If there was any doubt that Amazon was eventually hoping to get into the Android tablet game, it should be dispelled by Amazon’s introduction today of Amazon Cloud Drive and two flavors of Amazon Cloud Player, one for web and one for Android. The former is a digital locker for the music people own; the latter two allow users to listen to that music anytime, anywhere, on Mac, PC, or Android devices. (It also works, albeit oddly, on iOS devices: One needs to download the MP3 in question from Amazon’s server, then listen to it with Safari’s player.)
If you already have an Amazon account, there’s little reason not to use the service, since the first 5 gigabytes of storage are free. This becomes 20 gigs if you download an album from Amazon; beyond that, storage for larger music collections starts at $20/year. As Peter Kafka points out, this is far from an earth-shaking service: It’s a handy way for people to listen to their music on multiple devices, but it’s not a MOG- or Spotify-killer. It’s interesting, however, to consider the service as a marriage between Amazon’s cloud and media businesses, as a beachhead into an eventual Android platform push, similar to Amazon’s Android app store, and to note that Amazon has gotten the jump on Apple and Google, who have been negotiating with the labels to set up similar music services forever.
How did Amazon do it? By ignoring the labels entirely. That’s right: In this contract-ridden world, Amazon simply consulted its lawyers and decided that it wasn’t breaking any laws by setting up this service. Unsurprisingly, some labels take issue with this.
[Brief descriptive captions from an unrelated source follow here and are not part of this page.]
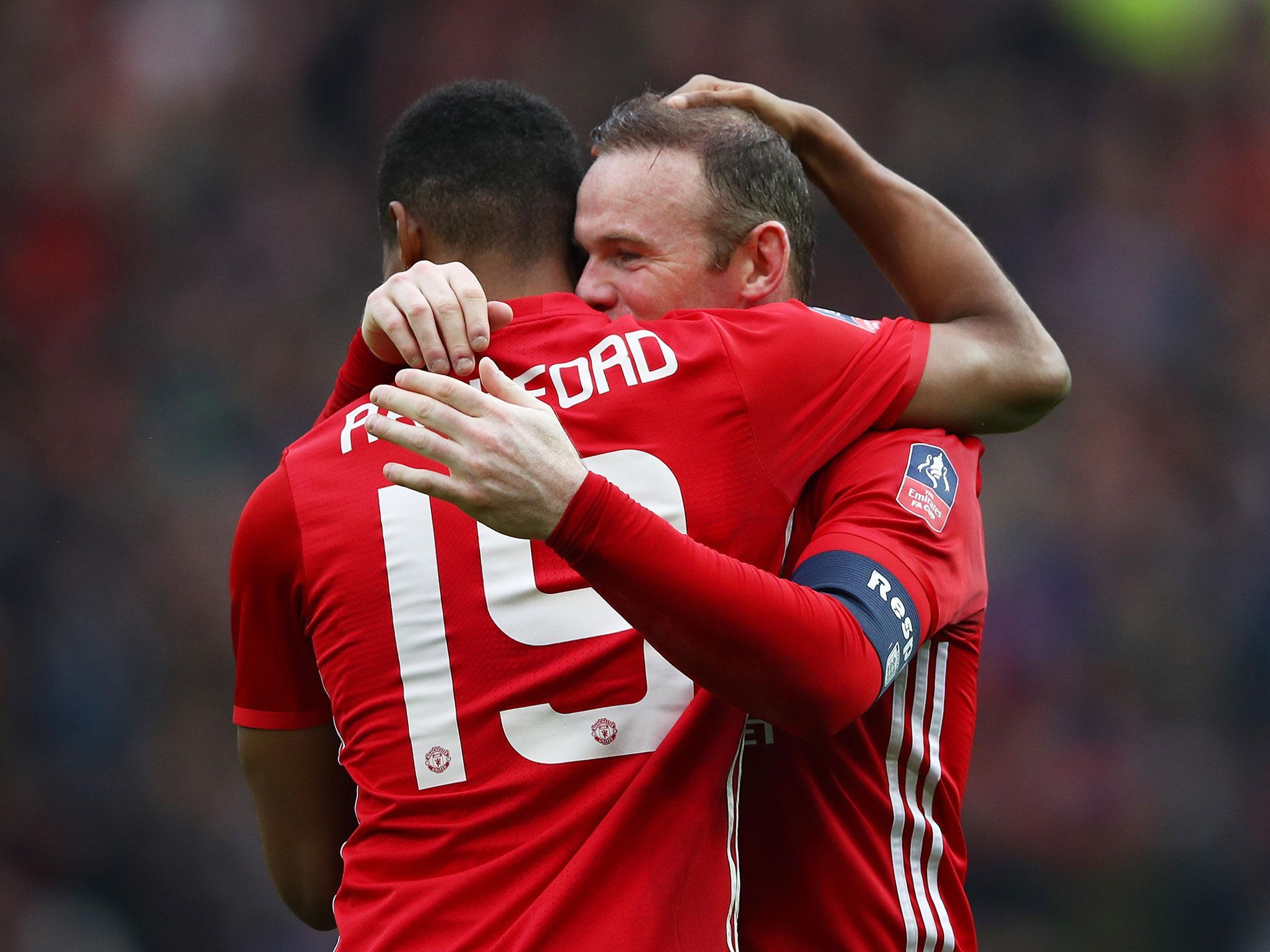 Rashford scored twice in the game that saw Rooney match Sir Bobby Charlton's record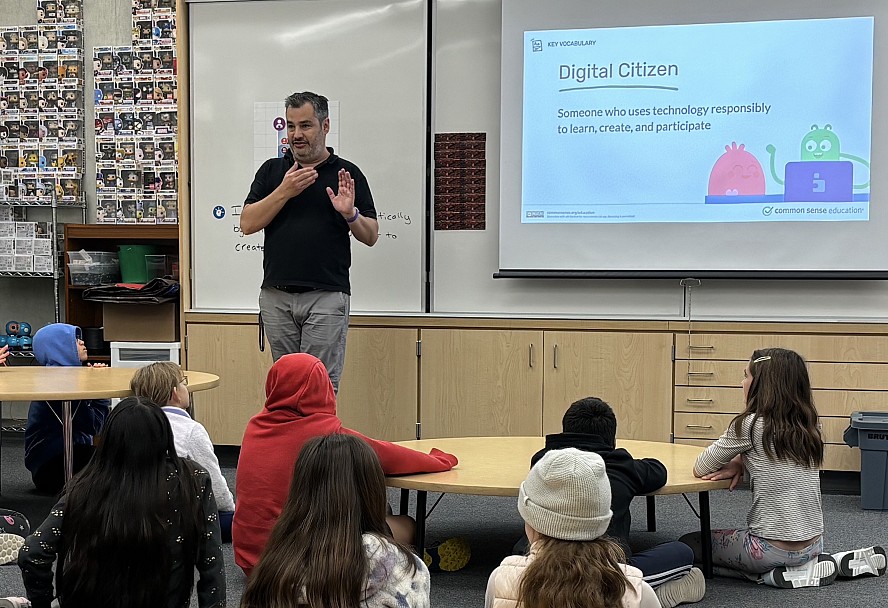 male teacher stands at white board that has the words Digital Citizen as several students sit on the floor listening to him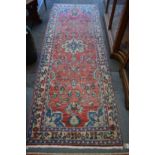 A Persian design runner or hall carpet, red ground with floral decoration 280cm x 100cm.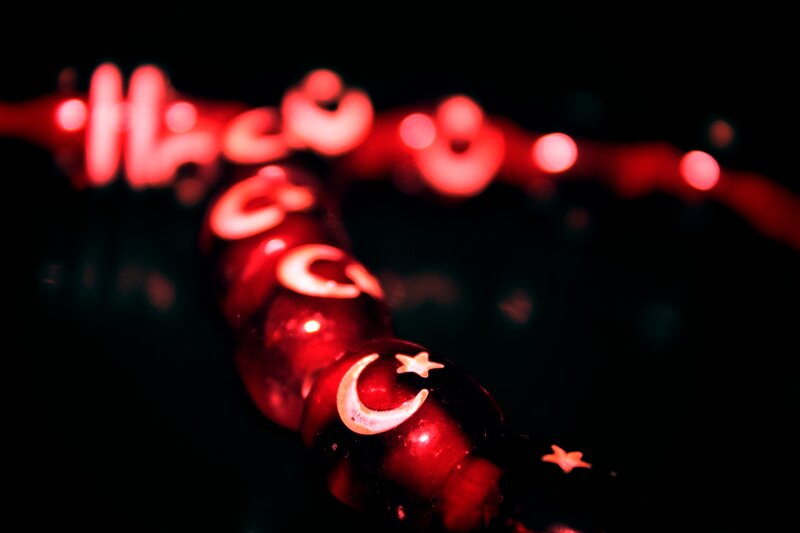 Red beads with moon and star symbols
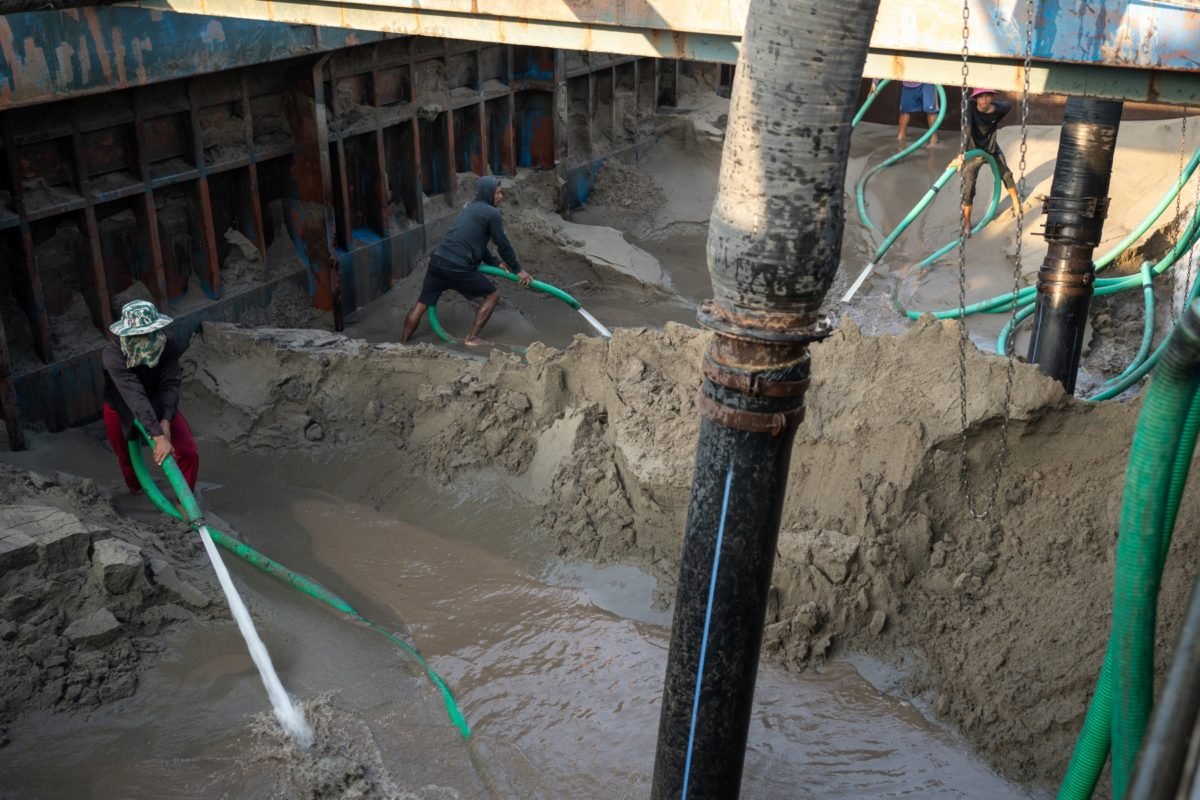 Workers spray water to suspend sand so that it can be offloaded from a barge.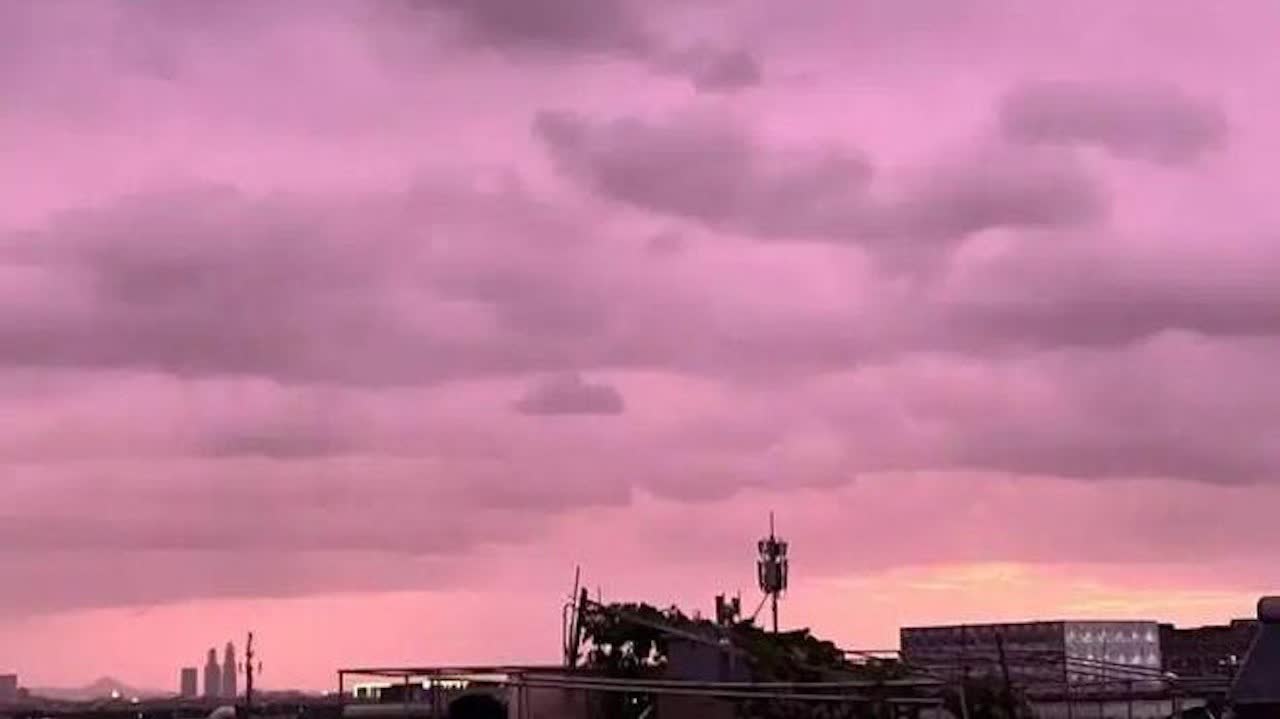 Watch This | Pink and purple 'typhoon sunset glow' lights up Hangzhou ahead of Typhoon Bavi landfall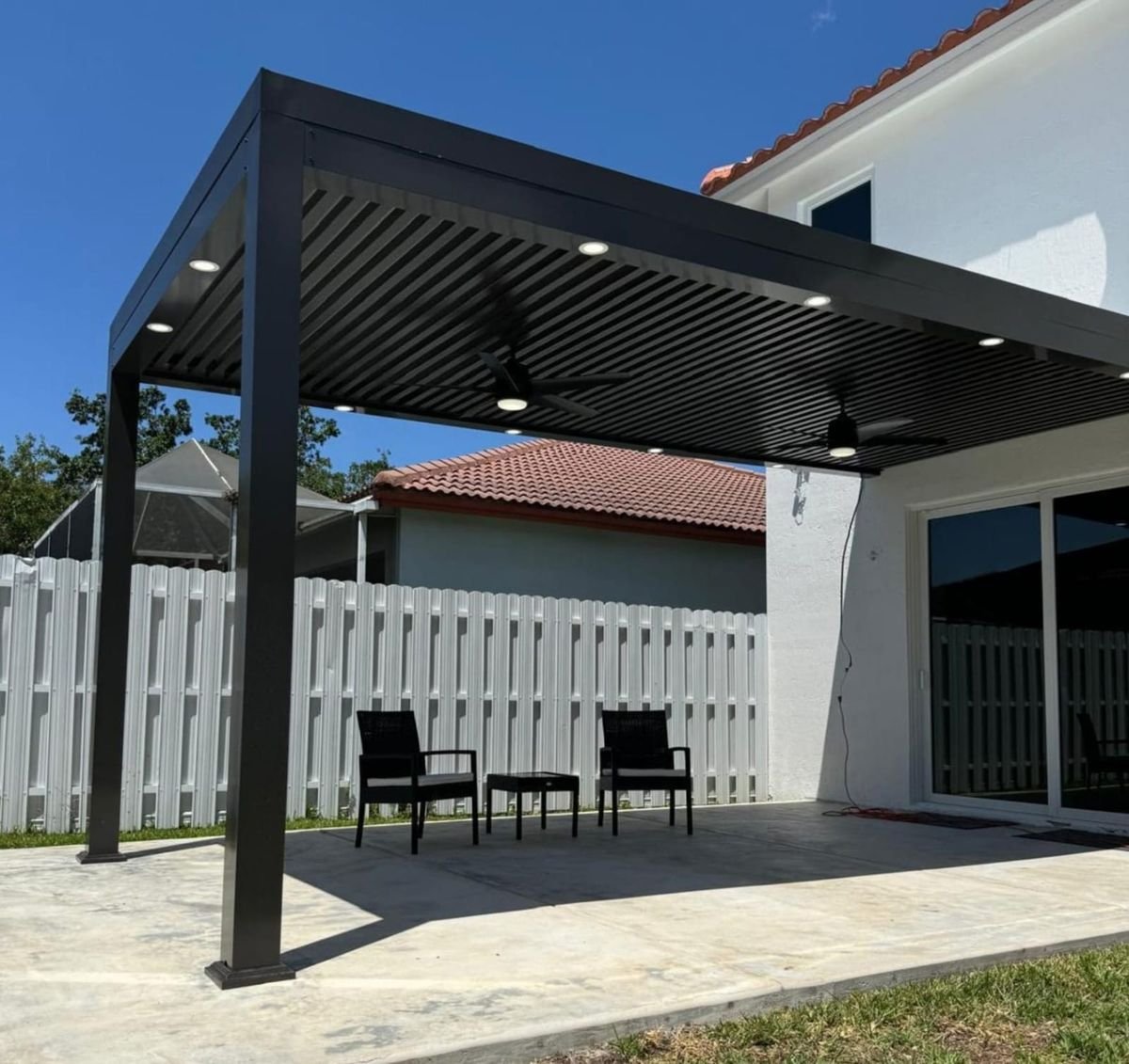 Black louvered aluminum pergola with LED lights and ceiling fan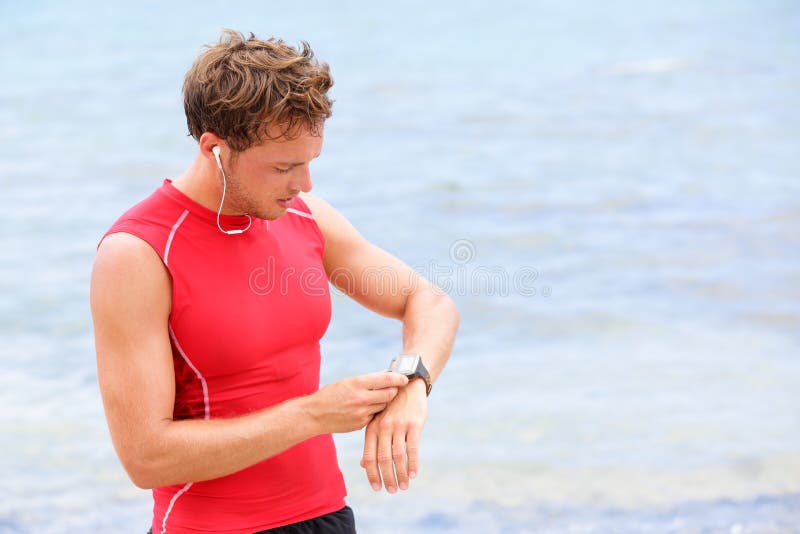 Athlete runner looking at heart rate monitor watch. Man running on beach taking a break in compression t-shirt top. Athlete runner looking at heart rate monitor watch. Man running on beach taking a break in compression t-shirt top.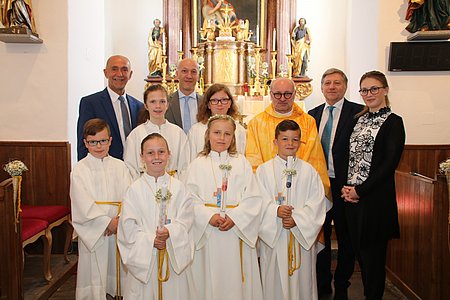 Gruppenfoto der Erstkommunikanten: Nina Danzinger, Emma Holzmüller und Linus Hipp, mit Pater Daniel, Bürgermeister Schaden, Vizebürgermeister Günter Prinz, Direktor Bernhard Bachofner und Klassenlehrerin Kerstin Kolm, sowie den Ministranten Bernhard Krecek, Lena und Julia Poppinger.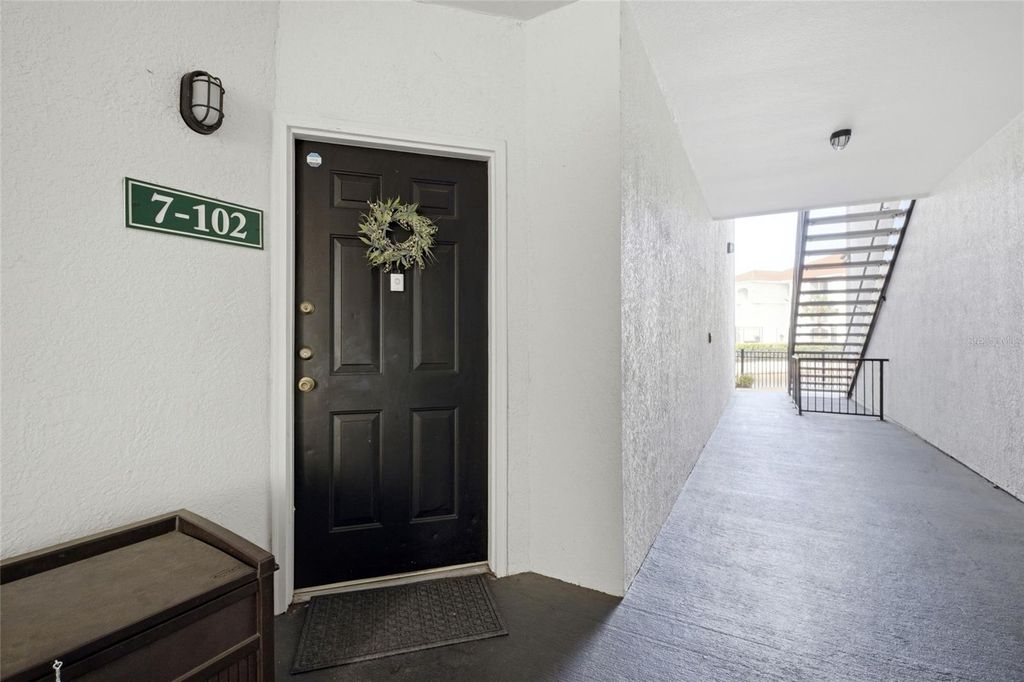 Photo of 2639 Maitland Crossing Way #102, Orlando, FL 32810 (MLS # S5146232)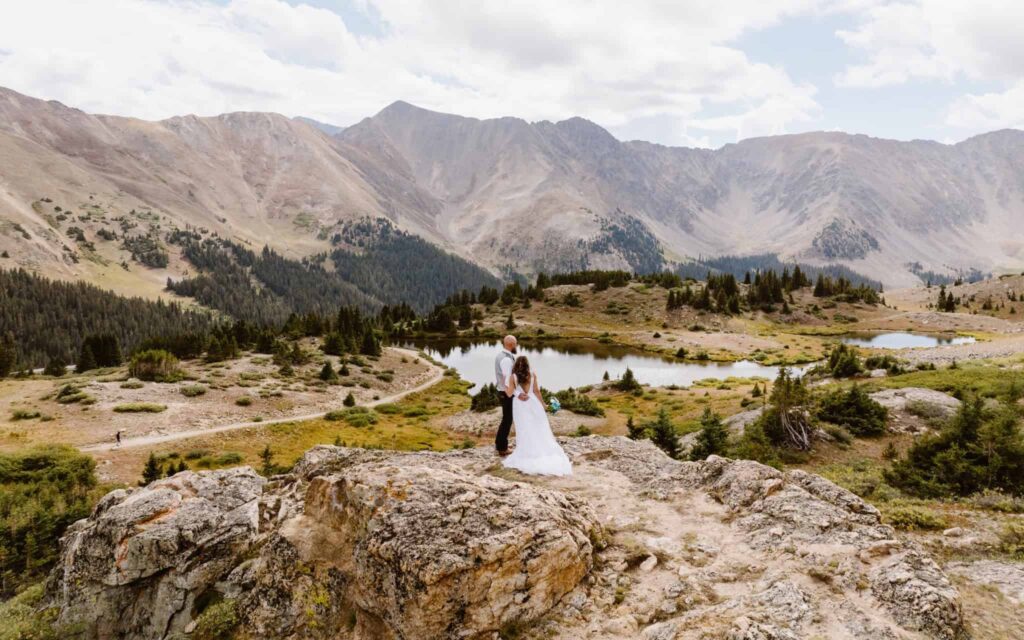 Where to elope in Breckenridge: Bride and groom stand on a rocky outcrop at Loveland Pass, Colorado, overlooking alpine lakes, evergreen forests, and towering mountain peaks.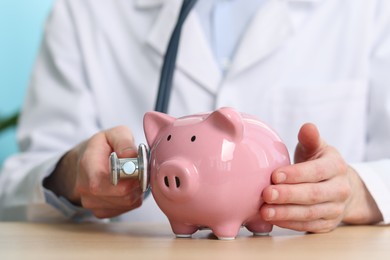 Photo of Doctor with piggy bank and stethoscope at wooden table, closeup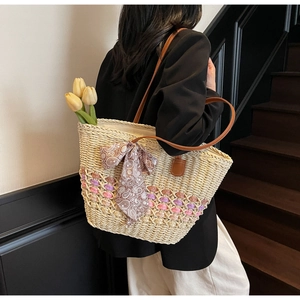 Detail of straw woven tote bag featuring floral ribbon bow and leather shoulder straps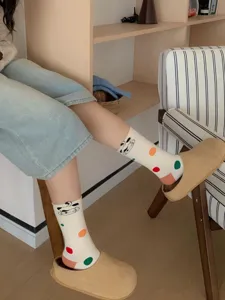 Cute cartoon animal pattern mid tube socks with colorful polka dots, soft cotton everyday wear.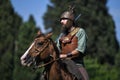 Celtic knight riding horses in traditional costume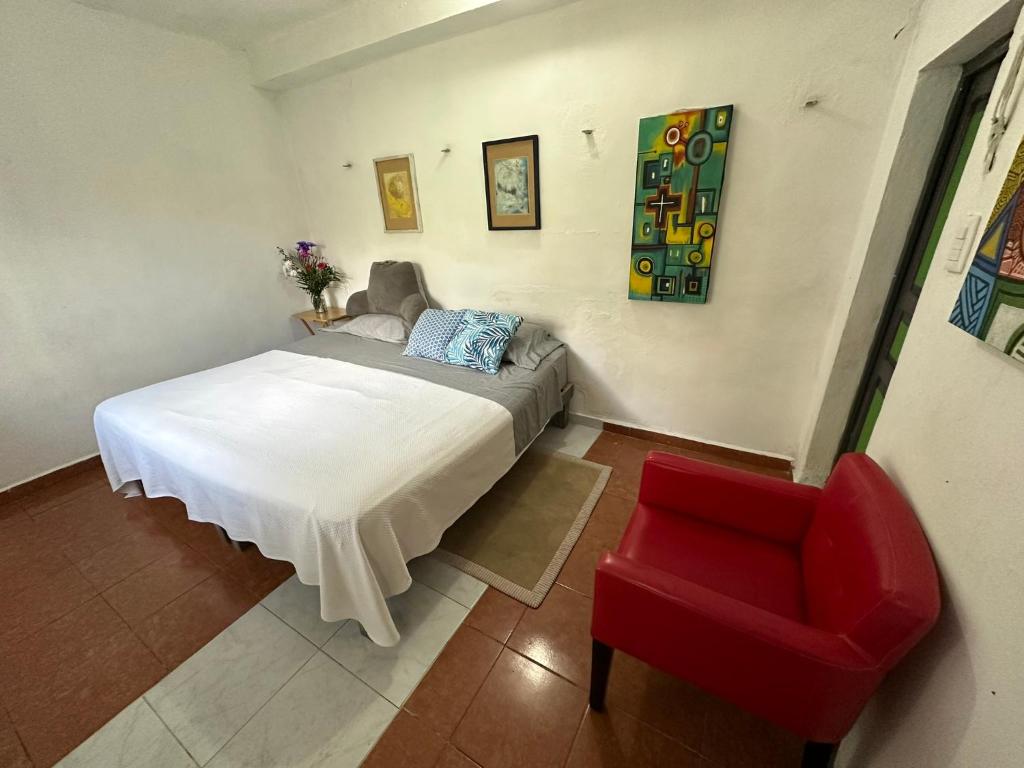 Ліжко або ліжка в номері Hostal Chirrín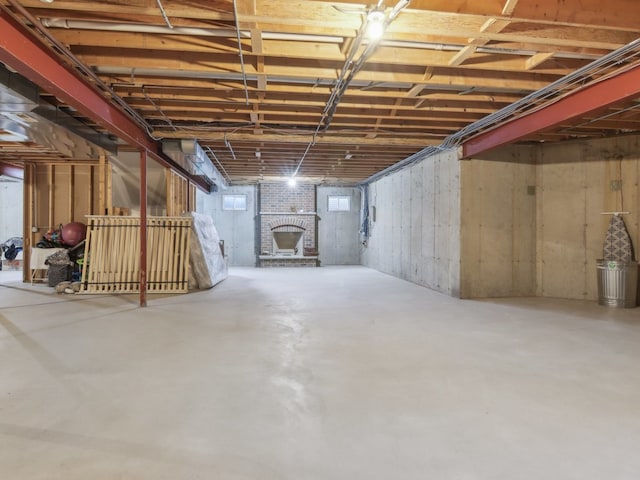 basement with a brick fireplace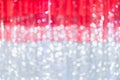 Red curtain and light bokeh blur background. Blurred backdrop. Christmas background. Holiday winter theme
At stake is whether uploading one’s own music to Amazon’s servers constitutes illegally sharing it with a third party.
One major music company, Sony Corp.’s Sony Music Entertainment, expressed dismay at Amazon’s plans, echoing concerns of others in the industry. “We are disappointed that the locker service that Amazon is proposing is unlicensed by Sony Music,” a spokeswoman said Tuesday evening.
“We don’t need a license to store music. The functionality is the same as an external hard drive,” according to Craig Pape, director of music at Amazon. But not everyone agrees. Sources tell Hypebot that Warner Music Group is particularly upset by Amazon’s unlicensed launch and considering how to react.
WMG, may however, find that other labels aren’t ready to join them in a fight with Amazon. “It’s about time someone did tis and we’re just glad its not Apple,” one label source shared privately. “It will push other negotiations forward.”
You know that the time is ripe for a sea change in digital music when some labels so dislike Apple’s dominance that they’re willing to overlook a major player brazenly not consulting them to get a new service out the door.